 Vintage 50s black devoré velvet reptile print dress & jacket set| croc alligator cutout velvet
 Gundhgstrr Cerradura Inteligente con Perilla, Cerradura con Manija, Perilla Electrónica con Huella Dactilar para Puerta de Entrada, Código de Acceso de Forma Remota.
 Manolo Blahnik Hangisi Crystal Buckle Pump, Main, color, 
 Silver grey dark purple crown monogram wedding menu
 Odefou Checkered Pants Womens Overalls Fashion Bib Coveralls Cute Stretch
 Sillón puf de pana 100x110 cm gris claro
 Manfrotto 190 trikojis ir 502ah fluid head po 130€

--

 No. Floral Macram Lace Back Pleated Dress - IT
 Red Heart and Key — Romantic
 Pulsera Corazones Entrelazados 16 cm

TASK GOAL
Using the data above, extract exactly the lines from the one that holds "Sillón puf de pana 100x110 cm gris claro" to the one that holds "Manfrotto 190 trikojis", both ends included, and no others.

RESULT OF THIS EXERCISE
 Sillón puf de pana 100x110 cm gris claro
 Manfrotto 190 trikojis ir 502ah fluid head po 130€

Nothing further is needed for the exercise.